Kommerziell konkurrierten das bis dahin meistproduzierte französische Auto aller Zeiten - schon 1954 feierte Renault eine halbe Million verkaufte 4 CV - und der deutsche Volkswagen auf allen Kontinenten miteinander. Pierre Lefaucheux popularisierte den auch als extravagante Cabrio-Limousine oder nüchternen Lieferwagen erhältlichen Viertürer rund um den Erdball und Montagewerke gab es sogar in kleinen Ländern wie Israel und Irland. Mehr verkaufte 4 CV als Käfer, diesen Triumph zelebrierten die Franzosen in Nordafrika und in einem Teil Deutschlands.

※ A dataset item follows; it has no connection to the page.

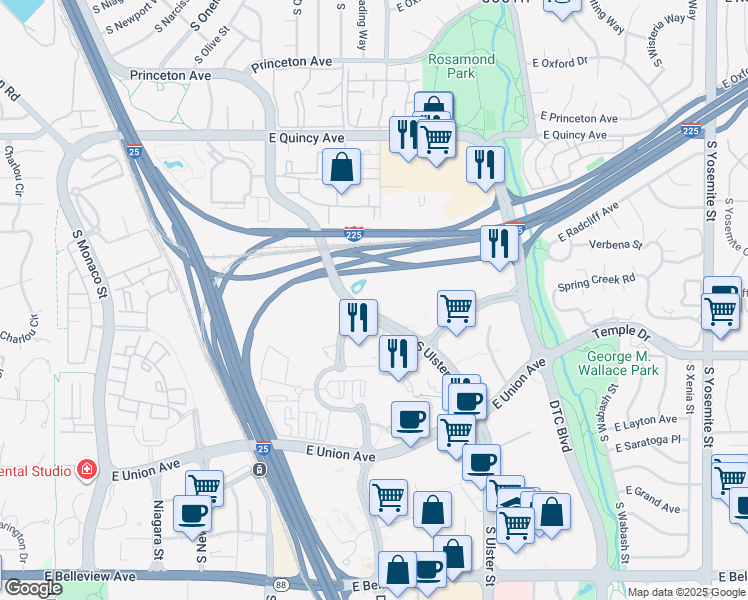 map of restaurants, bars, coffee shops, grocery stores, and more near 4552 South Ulster Street in Denver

Jedes vierte Importauto ein 4 CV
Im Saarland, das erst 1957 als zehntes Bundesland integriert wurde, war das "Cremeschnittchen" unangefochtener Marktführer. In der übrigen Bundesrepublik dominierte der kleine Gallier immerhin die Importcharts - jedes vierte Importauto war 1950 ein 4 CV! Kaum zu glauben, aber auch im Land der Straßenkreuzer und Hubraum-Giganten fand der winzige 0,7-Liter-Vierzylinder verblüffend viele frankophile Fans. Mit dem kräftigeren und unkaputtbaren Langstreckenläufer Volkswagen Käfer konnte es der nur knapp 100 km/h schnelle Renault in den USA jedoch nie aufnehmen. Dafür feierten die Japaner den ab 1953 bei Hino-Diesel in Lizenz gebauten 4 CV als nationalen Kleinwagen-Pionier, denn die ersten Anläufe von Toyota und Nissan in dieser Klasse waren halbherzig gewesen.

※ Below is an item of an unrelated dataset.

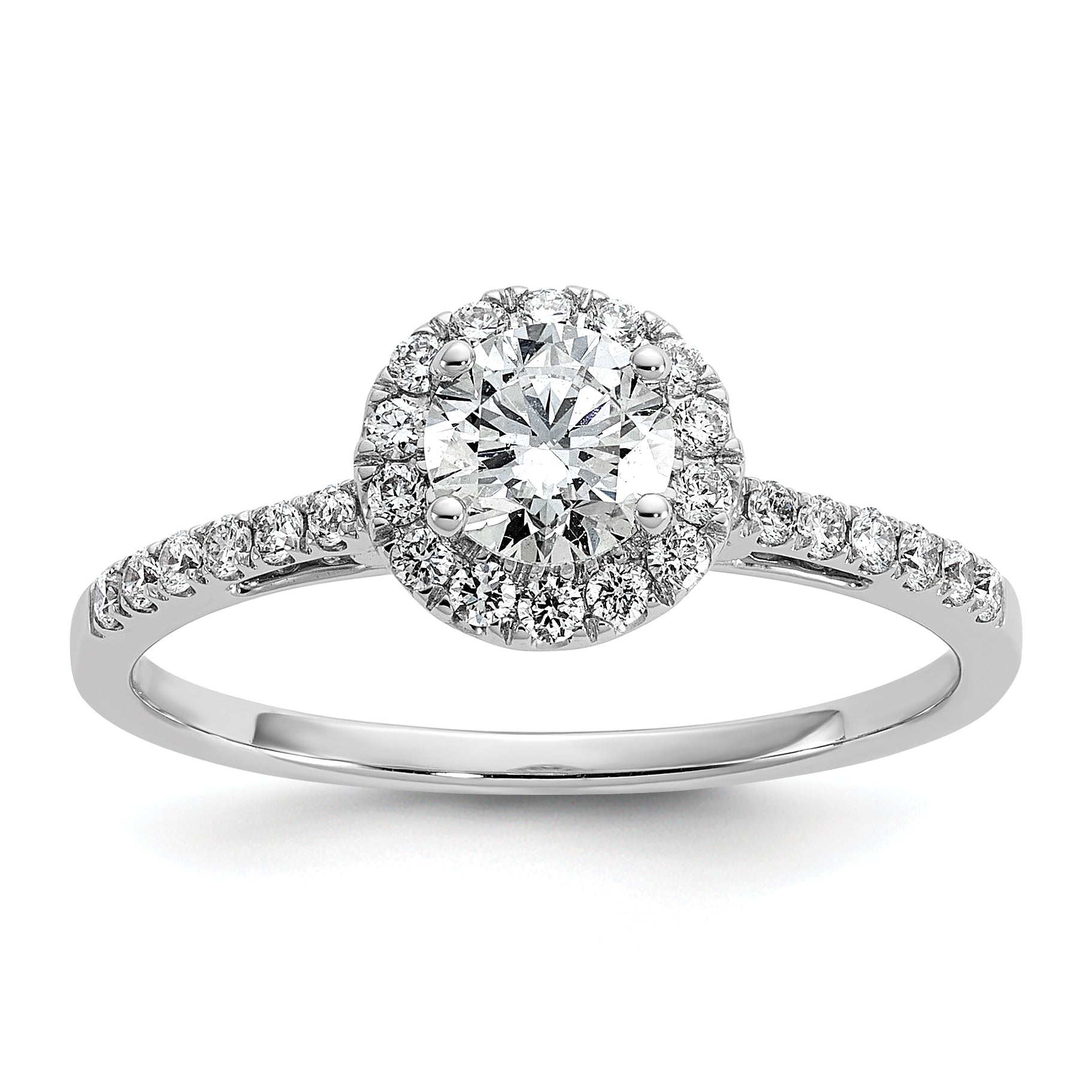 14k White Gold 1/4 carat Lab Grown Diamond VS/SI+ G+ 1 carat Center Semi Mount Halo Engagement Ring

Platz für Gepäck bot der Renault 4 CV unter der Fronthaube. Der Motor war im Heck untergebracht.
(Foto: Renault)
Da Kopie in Japan als höchste Form der Anerkennung galt, bauten die Hino-Ingenieure den 4 CV bald detailgetreu, aber in deutlich perfekterer Qualität nach - worauf Hino entschied, die Zahlung von Lizenzgeldern an Renault einzustellen. Lefaucheux reiste umgehend nach Japan, konnte aber nichts erreichen, da der Hino 4 CV ein Politikum geworden war. Die japanische Regierung und das Kaiserhaus arrangierten einen hochoffiziellen Besuch des Kronprinzen Akihito im Renault-Werk Billancourt und adelten die Hino-Adaption des 4 CV dadurch zum japanischen industriellen Kulturgut, das übrigens länger in Produktion blieb als das Vorbild.

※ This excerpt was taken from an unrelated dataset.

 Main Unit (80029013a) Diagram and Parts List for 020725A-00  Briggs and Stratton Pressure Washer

Bildete in Deutschland der Käfer die technische Grundlage für die ersten Porsche-Sportwagen, übernahm westlich des Rheins der Renault 4 CV diese Rolle, als es darum ging, die legendären Alpine-Sportwagen des Autobauers Jean Rédéle in Fahrt zu bringen: Die ersten Alpine-Renner vom Typ A 106 basierten auf dem Renault 4 CV. Auch französische Karossiers und italienische Carrozzeria schätzten den stabilen Viertürer so sehr, dass sie ihn in Coupés, Cabriolets, Roadster, Coaches oder Strandwagen umbauten - über 40 Karosserievarianten sind bekannt.
Renault selbst spendierte dem 4 CV regelmäßigen Feinschliff und dank dieser Updates überlebte das Massenmobil 1956 sogar die Einführung seiner designierten Nachfolgerin, der Dauphine. Erst den 1961 lancierten fünftürigen Typen Renault 3 und 4 mit Frontantrieb gelang es, den 4 CV abzulösen. Immerhin hielt der weiterhin genutzte Vierzylinder die Erinnerung an das Cremeschnittchen lebendig.